# [Activity]
Please copy, exactly as they appear below, the lines from the one containing "지지율 1위 탓?…연일 당 안팎 맹공 받는 文" through the one containing "El nuevo criterio".

# [Raw data]
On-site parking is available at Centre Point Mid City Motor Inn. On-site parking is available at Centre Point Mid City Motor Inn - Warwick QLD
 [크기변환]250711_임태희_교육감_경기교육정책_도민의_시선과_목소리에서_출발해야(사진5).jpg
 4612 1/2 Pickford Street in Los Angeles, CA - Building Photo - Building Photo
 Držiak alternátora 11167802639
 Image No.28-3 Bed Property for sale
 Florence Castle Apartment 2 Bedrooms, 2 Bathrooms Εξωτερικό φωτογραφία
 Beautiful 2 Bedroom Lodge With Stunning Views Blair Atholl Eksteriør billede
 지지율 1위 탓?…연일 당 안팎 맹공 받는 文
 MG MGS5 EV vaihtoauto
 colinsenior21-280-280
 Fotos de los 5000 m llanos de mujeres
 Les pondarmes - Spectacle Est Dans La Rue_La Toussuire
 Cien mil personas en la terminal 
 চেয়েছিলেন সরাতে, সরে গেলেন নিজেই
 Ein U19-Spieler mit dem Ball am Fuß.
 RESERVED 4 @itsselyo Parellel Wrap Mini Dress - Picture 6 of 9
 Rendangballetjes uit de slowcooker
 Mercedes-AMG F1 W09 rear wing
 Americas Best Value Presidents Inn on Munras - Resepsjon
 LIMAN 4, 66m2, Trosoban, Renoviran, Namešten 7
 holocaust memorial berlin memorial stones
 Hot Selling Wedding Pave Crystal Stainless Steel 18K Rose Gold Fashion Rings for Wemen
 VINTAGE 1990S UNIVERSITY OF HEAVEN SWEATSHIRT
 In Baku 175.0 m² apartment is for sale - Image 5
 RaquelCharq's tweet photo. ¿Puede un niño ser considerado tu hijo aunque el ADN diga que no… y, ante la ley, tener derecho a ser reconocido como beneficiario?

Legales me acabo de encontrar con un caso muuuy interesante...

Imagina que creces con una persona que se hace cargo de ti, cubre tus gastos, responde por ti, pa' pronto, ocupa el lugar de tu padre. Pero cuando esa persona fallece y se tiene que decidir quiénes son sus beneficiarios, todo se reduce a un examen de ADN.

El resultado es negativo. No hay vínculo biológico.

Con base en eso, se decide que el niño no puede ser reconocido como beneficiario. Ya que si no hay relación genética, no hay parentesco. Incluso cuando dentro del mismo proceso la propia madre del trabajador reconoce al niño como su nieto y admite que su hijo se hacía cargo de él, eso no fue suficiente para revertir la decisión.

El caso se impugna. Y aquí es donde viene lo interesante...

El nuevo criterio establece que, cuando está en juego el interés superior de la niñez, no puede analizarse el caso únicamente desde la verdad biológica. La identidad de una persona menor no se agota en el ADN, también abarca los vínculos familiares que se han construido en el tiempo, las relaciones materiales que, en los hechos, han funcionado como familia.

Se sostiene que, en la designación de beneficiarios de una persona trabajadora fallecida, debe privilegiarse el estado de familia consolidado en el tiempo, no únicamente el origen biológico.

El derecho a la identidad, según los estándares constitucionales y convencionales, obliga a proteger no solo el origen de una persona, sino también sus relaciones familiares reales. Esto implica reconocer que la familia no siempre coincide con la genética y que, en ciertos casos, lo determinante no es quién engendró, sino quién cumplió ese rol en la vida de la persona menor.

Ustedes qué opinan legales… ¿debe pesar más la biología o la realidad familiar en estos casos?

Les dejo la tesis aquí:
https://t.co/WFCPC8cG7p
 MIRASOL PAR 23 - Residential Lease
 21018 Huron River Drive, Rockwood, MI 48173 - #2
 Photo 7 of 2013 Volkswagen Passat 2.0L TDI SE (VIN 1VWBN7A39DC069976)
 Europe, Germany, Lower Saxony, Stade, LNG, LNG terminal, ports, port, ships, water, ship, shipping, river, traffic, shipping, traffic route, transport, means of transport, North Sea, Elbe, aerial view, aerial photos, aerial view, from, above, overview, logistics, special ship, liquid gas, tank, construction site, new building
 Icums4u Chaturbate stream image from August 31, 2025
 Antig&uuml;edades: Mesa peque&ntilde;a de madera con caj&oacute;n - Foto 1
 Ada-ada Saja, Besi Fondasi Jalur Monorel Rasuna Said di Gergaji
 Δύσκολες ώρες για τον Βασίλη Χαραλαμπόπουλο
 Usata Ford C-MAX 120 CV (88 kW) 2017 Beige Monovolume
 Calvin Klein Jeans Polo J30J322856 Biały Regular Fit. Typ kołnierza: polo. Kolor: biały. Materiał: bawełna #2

# [Problem solution]
 지지율 1위 탓?…연일 당 안팎 맹공 받는 文
 MG MGS5 EV vaihtoauto
 colinsenior21-280-280
 Fotos de los 5000 m llanos de mujeres
 Les pondarmes - Spectacle Est Dans La Rue_La Toussuire
 Cien mil personas en la terminal 
 চেয়েছিলেন সরাতে, সরে গেলেন নিজেই
 Ein U19-Spieler mit dem Ball am Fuß.
 RESERVED 4 @itsselyo Parellel Wrap Mini Dress - Picture 6 of 9
 Rendangballetjes uit de slowcooker
 Mercedes-AMG F1 W09 rear wing
 Americas Best Value Presidents Inn on Munras - Resepsjon
 LIMAN 4, 66m2, Trosoban, Renoviran, Namešten 7
 holocaust memorial berlin memorial stones
 Hot Selling Wedding Pave Crystal Stainless Steel 18K Rose Gold Fashion Rings for Wemen
 VINTAGE 1990S UNIVERSITY OF HEAVEN SWEATSHIRT
 In Baku 175.0 m² apartment is for sale - Image 5
 RaquelCharq's tweet photo. ¿Puede un niño ser considerado tu hijo aunque el ADN diga que no… y, ante la ley, tener derecho a ser reconocido como beneficiario?

Legales me acabo de encontrar con un caso muuuy interesante...

Imagina que creces con una persona que se hace cargo de ti, cubre tus gastos, responde por ti, pa' pronto, ocupa el lugar de tu padre. Pero cuando esa persona fallece y se tiene que decidir quiénes son sus beneficiarios, todo se reduce a un examen de ADN.

El resultado es negativo. No hay vínculo biológico.

Con base en eso, se decide que el niño no puede ser reconocido como beneficiario. Ya que si no hay relación genética, no hay parentesco. Incluso cuando dentro del mismo proceso la propia madre del trabajador reconoce al niño como su nieto y admite que su hijo se hacía cargo de él, eso no fue suficiente para revertir la decisión.

El caso se impugna. Y aquí es donde viene lo interesante...

El nuevo criterio establece que, cuando está en juego el interés superior de la niñez, no puede analizarse el caso únicamente desde la verdad biológica. La identidad de una persona menor no se agota en el ADN, también abarca los vínculos familiares que se han construido en el tiempo, las relaciones materiales que, en los hechos, han funcionado como familia.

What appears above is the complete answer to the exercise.